Biz Mersin olarak bugün bu törenlerimizi yaparken Kuzey Kıbrıs Türk Cumhuriyeti'nde de Sayın Cumhurbaşkanımız ve Türk heyetinin teşrifleriyle çok güzel etkinlikler, kutlamalar yapılıyor. Çok güzel mesajlar veriliyor.
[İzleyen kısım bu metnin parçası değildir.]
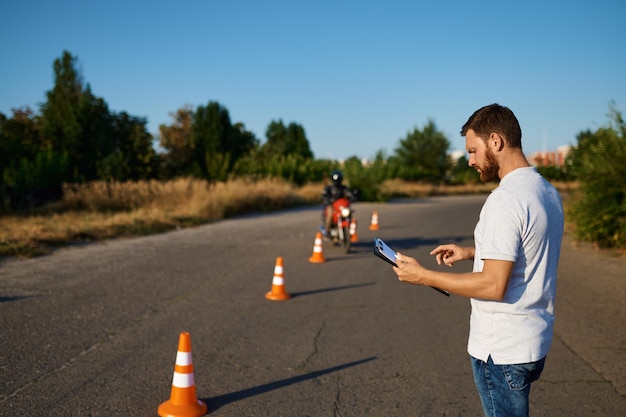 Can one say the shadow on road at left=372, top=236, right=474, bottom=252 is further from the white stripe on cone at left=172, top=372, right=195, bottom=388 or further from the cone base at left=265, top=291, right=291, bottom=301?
the white stripe on cone at left=172, top=372, right=195, bottom=388

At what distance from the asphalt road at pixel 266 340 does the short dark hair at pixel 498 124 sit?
2373 mm

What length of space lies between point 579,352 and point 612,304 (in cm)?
266

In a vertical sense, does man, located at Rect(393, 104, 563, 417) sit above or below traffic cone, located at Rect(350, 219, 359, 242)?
above

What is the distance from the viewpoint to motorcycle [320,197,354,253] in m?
12.1

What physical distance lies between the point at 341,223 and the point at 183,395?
8525 millimetres

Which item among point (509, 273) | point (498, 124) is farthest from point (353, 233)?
point (509, 273)

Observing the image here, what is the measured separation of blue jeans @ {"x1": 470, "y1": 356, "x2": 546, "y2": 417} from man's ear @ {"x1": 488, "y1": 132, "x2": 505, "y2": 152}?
35.0 inches

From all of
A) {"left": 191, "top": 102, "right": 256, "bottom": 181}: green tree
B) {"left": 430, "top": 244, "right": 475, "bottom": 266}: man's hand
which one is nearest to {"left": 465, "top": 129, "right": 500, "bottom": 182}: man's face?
{"left": 430, "top": 244, "right": 475, "bottom": 266}: man's hand

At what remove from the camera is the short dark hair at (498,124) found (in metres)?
2.32

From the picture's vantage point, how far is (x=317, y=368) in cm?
487

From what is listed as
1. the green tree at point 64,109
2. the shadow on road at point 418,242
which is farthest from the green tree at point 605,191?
the green tree at point 64,109

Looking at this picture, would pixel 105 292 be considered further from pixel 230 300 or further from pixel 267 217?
pixel 267 217

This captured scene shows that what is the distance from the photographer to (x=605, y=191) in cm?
1221

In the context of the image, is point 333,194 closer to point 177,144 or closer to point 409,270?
point 409,270
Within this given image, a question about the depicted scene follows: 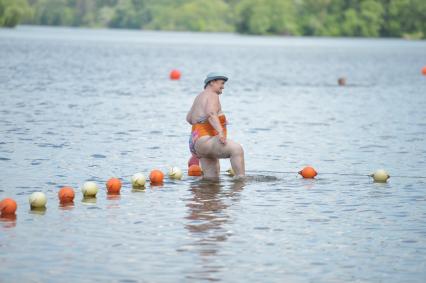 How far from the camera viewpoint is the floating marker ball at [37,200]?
1600cm

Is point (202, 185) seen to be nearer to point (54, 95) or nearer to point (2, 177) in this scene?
point (2, 177)

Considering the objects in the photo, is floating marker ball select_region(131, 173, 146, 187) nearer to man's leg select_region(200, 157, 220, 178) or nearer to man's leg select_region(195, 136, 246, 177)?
man's leg select_region(195, 136, 246, 177)

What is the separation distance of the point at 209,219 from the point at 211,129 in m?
3.42

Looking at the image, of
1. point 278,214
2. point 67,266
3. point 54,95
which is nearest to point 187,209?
point 278,214

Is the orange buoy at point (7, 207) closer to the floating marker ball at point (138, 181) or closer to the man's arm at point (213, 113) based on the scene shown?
Answer: the floating marker ball at point (138, 181)

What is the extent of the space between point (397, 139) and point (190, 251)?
1470 cm

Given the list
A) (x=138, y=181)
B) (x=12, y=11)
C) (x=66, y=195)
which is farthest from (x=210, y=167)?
(x=12, y=11)

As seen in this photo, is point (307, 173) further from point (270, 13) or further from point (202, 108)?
point (270, 13)

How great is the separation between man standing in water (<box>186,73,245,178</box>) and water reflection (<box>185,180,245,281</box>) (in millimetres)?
491

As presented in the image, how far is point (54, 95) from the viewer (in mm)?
41062

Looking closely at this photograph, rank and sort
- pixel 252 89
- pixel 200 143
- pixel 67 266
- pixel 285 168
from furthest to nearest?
pixel 252 89 < pixel 285 168 < pixel 200 143 < pixel 67 266

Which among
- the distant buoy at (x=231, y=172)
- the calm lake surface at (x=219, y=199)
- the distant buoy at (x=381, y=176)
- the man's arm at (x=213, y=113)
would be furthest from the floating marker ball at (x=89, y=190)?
the distant buoy at (x=381, y=176)

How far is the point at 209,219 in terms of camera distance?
1549cm

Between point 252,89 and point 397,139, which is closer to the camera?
point 397,139
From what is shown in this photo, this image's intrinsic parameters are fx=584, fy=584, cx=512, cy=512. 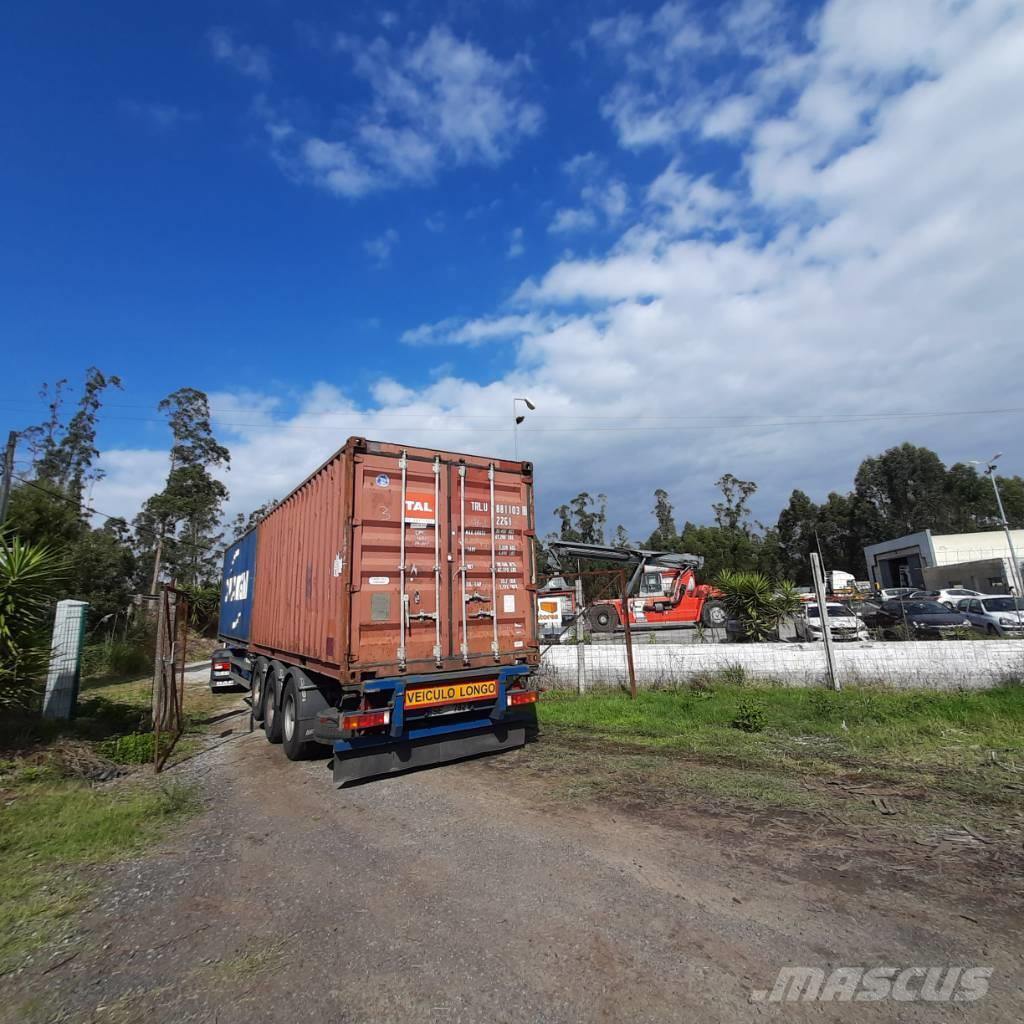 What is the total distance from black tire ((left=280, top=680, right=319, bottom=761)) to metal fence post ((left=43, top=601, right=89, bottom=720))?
4.09 meters

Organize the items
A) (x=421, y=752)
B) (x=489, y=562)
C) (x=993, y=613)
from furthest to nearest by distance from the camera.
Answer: (x=993, y=613), (x=489, y=562), (x=421, y=752)

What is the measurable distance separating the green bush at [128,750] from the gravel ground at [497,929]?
136 inches

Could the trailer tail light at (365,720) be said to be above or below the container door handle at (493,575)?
below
Özetle şu söyleniyor:

 

’Kıbrıs bizim canımız,

Kıbrıs bizim gözümüz,

Kıbrıs bizim gözümüzün nuru,

Kıbrıs bizim göz bebeğimiz.’

 

Kuzey Kıbrıs Türk Cumhuriyeti ve Türkiye Cumhuriyeti Devleti et ve tırnak gibi bugüne kadar olduğu gibi bundan sonra da iş birliğini, beraberliğini pekiştirecek ve yarınlara yönelik işte bu tanıma süreçleriyle ilgili adımları inşallah birlikte atacak. Egemen iki ayrı devlet olarak biz o günleri de hep beraber inşallah göreceğiz diyorum. Bu duygularla ben de az önce arzuveda eden sayın başkonsolosumuza Mersin'imizde ve ülkemizde Kuzey Kıbrıs Türk Cumhuriyeti'ni temsilen vermiş oldukları hizmetlerden dolayı teşekkür ediyorum. Özellikle son 2 yılında birlikte mesaimiz oldu. Hem kurumlarla olan iletişiminde hem burada bulunan Şehit ailelerimiz olsun, gazilerimiz olsun, sivil toplum teşkilatlarımız olsun, meslek olsun toplumumuzun her kesimiyle yakın iş birliği ve diyalog içerisinde çok güzel bir temsil görevi ifa ettiler, kendilerinden sonra geleceklere de çok örnek çalışmalar başarılı çalışmalar ortaya koydular. Bizler kendisinden memnunuz, müteşekkiriz. Ailesiyle birlikte burada bu temsil görevini en iyi şekilde yerine getirdiler. İnşallah bundan sonra üstlenecekleri görevlerinde de başarılar diliyorum. Kıbrıs'la Mersin'in özel bir bağ olduğunu hep ifade ediyoruz. Hem ülkemizde ama özelinde ve Mersin'de çok müstesna bir bağ var. Bu bağın daha da kuvvetlenmesi konusunda Sayın Başkonsolosumuz ve ekibinin de çok önemli güzel katkıları oldu. Kendilerine bir kere daha teşekkür ediyor, yeni görevlerinde başarılar diliyorum. Bu duygularla o harekata katılıp aziz Şehitlerimizi saygıyla, rahmetle anıyorum. Gazilerimize, ebediyete intikal edenlere Allah'tan rahmet, hayatta olanlara sağlık, afiyet ve uzun ömürler diliyorum. Daha nice 50 yıllar, 100 yıllar, 5 yüz yıllar bu güzel günlerimizi kutlamanın nasip olmasını Allah'tan diliyor, sizleri sevgiyle, saygıyla selamlıyorum. ”ifadelerini kullandı.

 

Programda, Mersin Büyükşehir Belediye Başkanı Vahap Seçer ile Kuzey Kıbrıs Türk Cumhuriyeti (KKTC) Mersin Başkonsolosu Zalihe Mendeli de birer konuşma gerçekleştirdi.

 

Programa; Mersin Milletvekilleri Hasan Ufuk Çakır, Talat Dinçer, Gülcan Kış İl protokol üyeleri ve eşleri, Kıbrıs Türk Kültür Derneği yönetim kurulu üyeleri, Şehit aileleri, Gaziler ve aileleri katıldı.